His retirement will become effective on June 30, which is expected to be after the company’s reorganization plan confirmed by the bankruptcy court.
“I joined PG&E to help get the company out of bankruptcy and stabilize operations. By the end of June, I expect that both of these goals will have been met,” Johnson said in a statement. “As we look to PG&E’s next chapter, this great company should be led by someone who has the time and career trajectory ahead of them to ensure that it fulfills its promise to reimagine itself as a new utility and deliver the safe and reliable service that its customers and communities expect and deserve."
PG&E has named William “Bill” Smith as interim CEO.
Smith, who joined the PG&E Board of Directors in 2019, will serve in this role from the time of Johnson’s departure through the appointment of a new CEO.
Johnson will remain on the board until June 30.
Andrew Vesey, current CEO and president of Pacific Gas and Electric Company, the utility subsidiary, will continue in his role overseeing the company’s electric, gas, generation and customer operations.
Smith is the retired president of AT&T Technology Operations at AT&T Services, Inc., where he spent 37 years with the telecommunications service provider and its predecessor companies.
Johnson's announcement comes a day after California regulators were advised to approve Pacific Gas & Electric’s plan to emerge from bankruptcy with new controls designed to prevent a recurrence of the utility’s past bad behavior that has resulted in deadly wildfires, infuriating blackouts and high electricity rates.
If approved, a proposed decision issued Monday by Administrative Law Judge Peter Allen will enable PG&E to clear another key hurdle in its frantic race to end one of the most complex bankruptcy cases in U.S. history by June 30 or risk losing billions in state funding.
The California Public Utilities Commission, the company’s chief regulator, will vote on the recommendations in the 117-page report May 21.
Although it said it was still reviewing some of the finer points of Allen’s decision, PG&E called it a “positive step.”
PG&E also still needs the approval of U.S. Bankruptcy Judge Dennis Montali, who is overseeing the business since it sought bankruptcy protection because of $30 billion in claimed losses from catastrophic Northern California wildfires ignited by its decaying electrical grid in 2017 and 2018.
More than 82,000 wildfire victims are currently voting on a plan to create a $13.5 billion fund for those who lost family, homes and businesses.
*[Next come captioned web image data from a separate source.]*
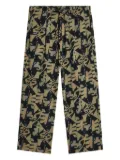 Pierre-Louis Mascia Dylan pleated-front printed trousers - Green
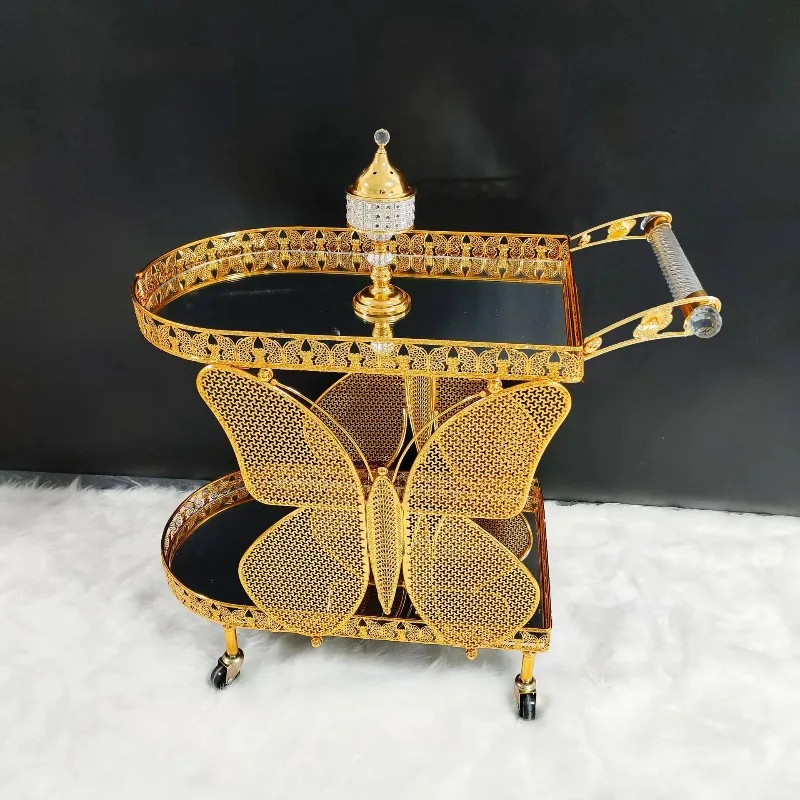 Cross-Border Exclusive Source Factory High-End Light-Luxury Retro Middle Eastern Hot-Selling Dining Car Tea Service Trolley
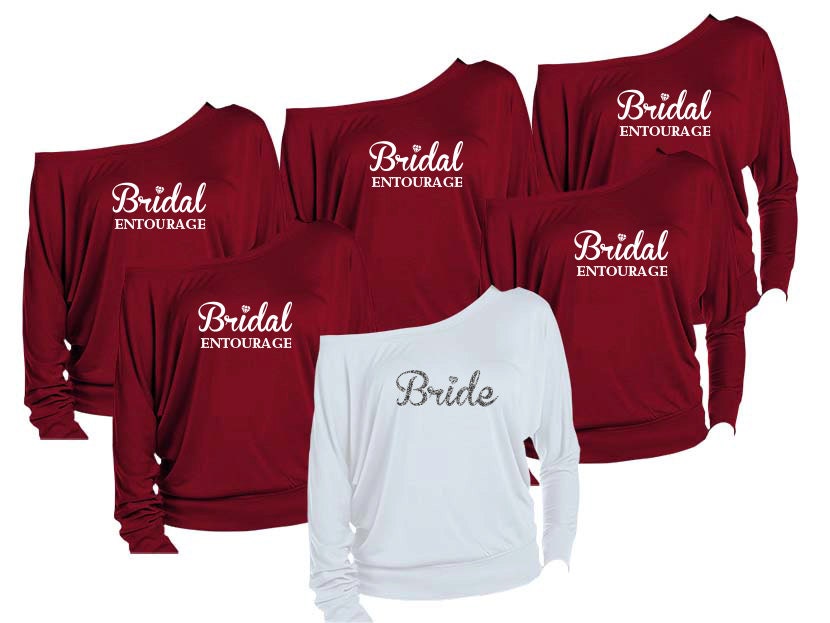 6 Personalized Bridesmaids Shirts. Brides Shirts. Maid of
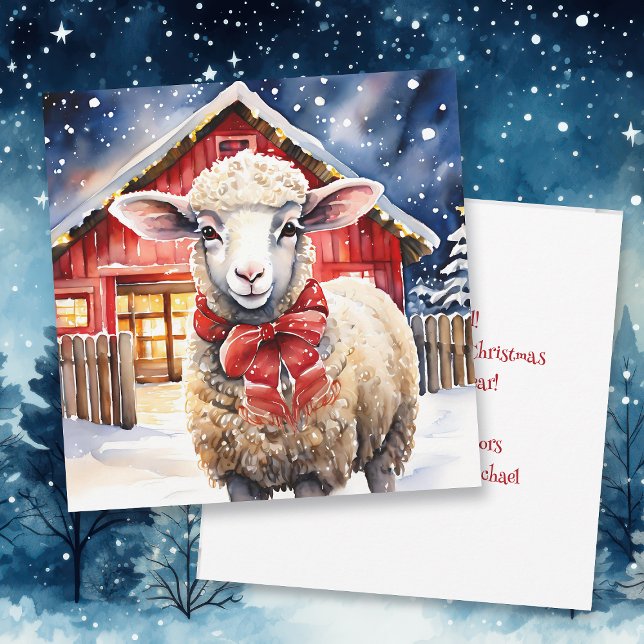 Carte Fleece Navidad | Drôle jeu de mouton de Noël (Créateur téléchargé)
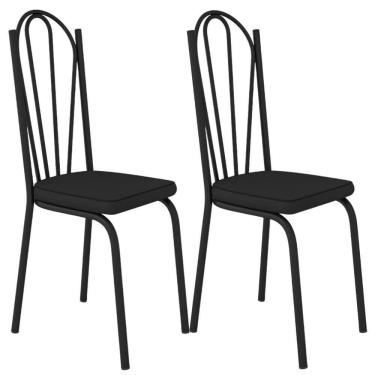 Imagem de Kit 2 Cadeiras Tubular Europa 121 Preto Assento Preto Artef Preto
The voting is due to be completed May 15. A bankruptcy court hearing on whether to confirm PG&E’s plan is scheduled May 27, the day after the company is supposed to plead guilty to 84 counts of involuntary manslaughter in the 2018 wildfire that wiped out the town of Paradise.
PG&E needs to exit bankruptcy by June 30 to qualify for coverage from a wildfire insurance fund the state created last summer. Without that coverage, the utility’s plan won’t be financially viable.
The Associated Press contributed to this report.